## Description of the task
Return the line containing "在游乐场奔跑的童童旋转在公园4K欢笑的微笑女孩画像视频的预览图" and every line beneath it through the end of the entries below, unchanged. Pictures stay out.

## Information shown
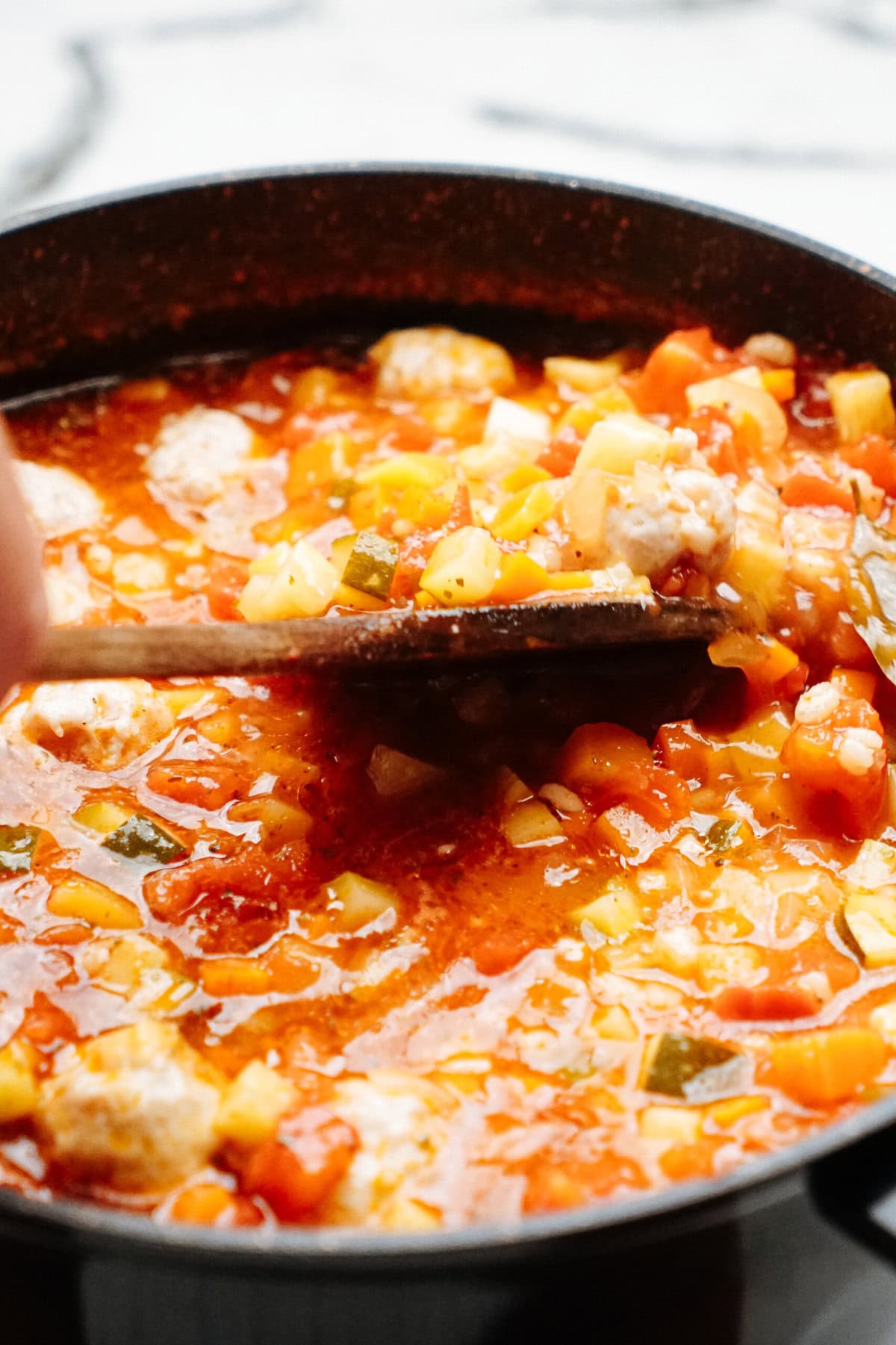 A wooden spoon stirs a pot of chunky vegetable soup with visible pieces of carrots, potatoes, and other vegetables in a tomato-based broth.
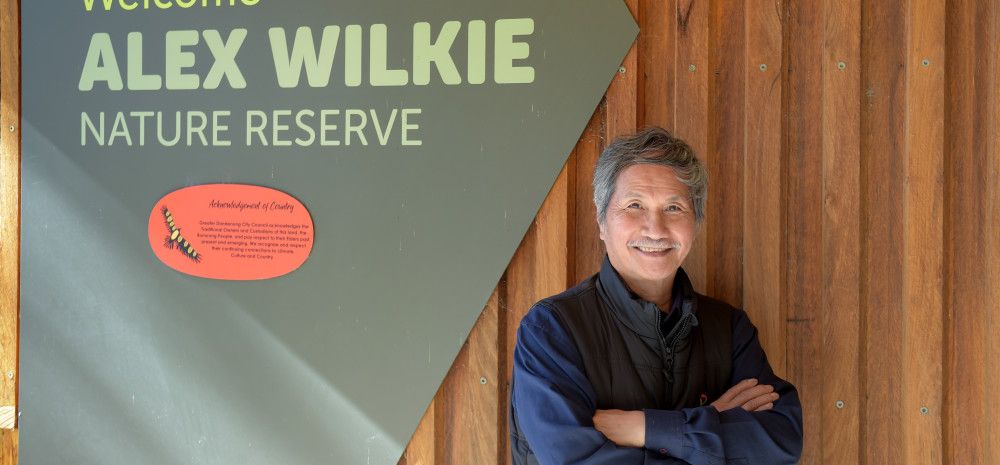 A smiling man with his arms crossed next to a sign that reads Welcome Alex Wilkie Nature Reserve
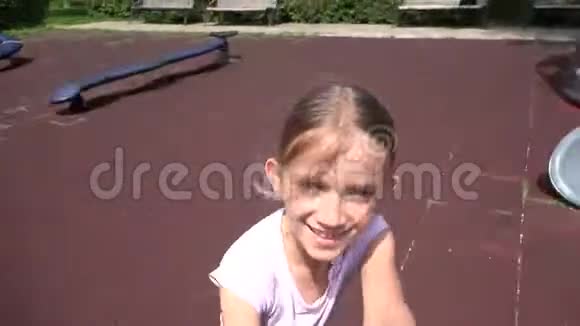 在游乐场奔跑的童童旋转在公园4K欢笑的微笑女孩画像视频的预览图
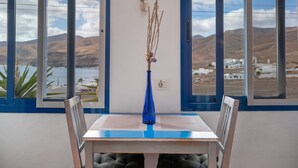 A dining table with a vase of dried plants, two chairs, and a view of a coastal landscape through large windows. - Unit 1 with Sea View, Shared Terrace and Wi-Fi (Yaiza)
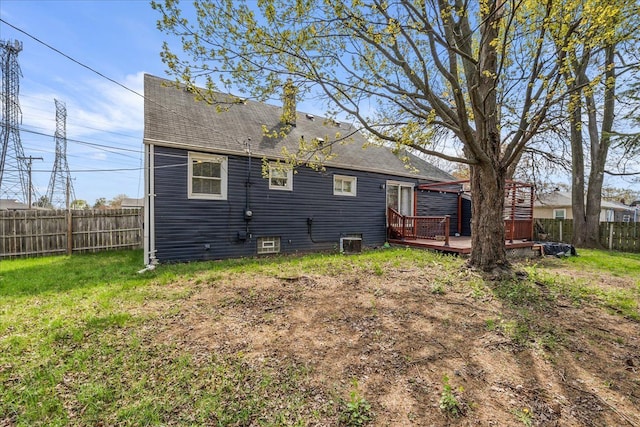 rear view of property featuring a deck, a fenced backyard, a shingled roof, central AC, and a lawn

## Output for this task
 在游乐场奔跑的童童旋转在公园4K欢笑的微笑女孩画像视频的预览图
 A dining table with a vase of dried plants, two chairs, and a view of a coastal landscape through large windows. - Unit 1 with Sea View, Shared Terrace and Wi-Fi (Yaiza)
 rear view of property featuring a deck, a fenced backyard, a shingled roof, central AC, and a lawn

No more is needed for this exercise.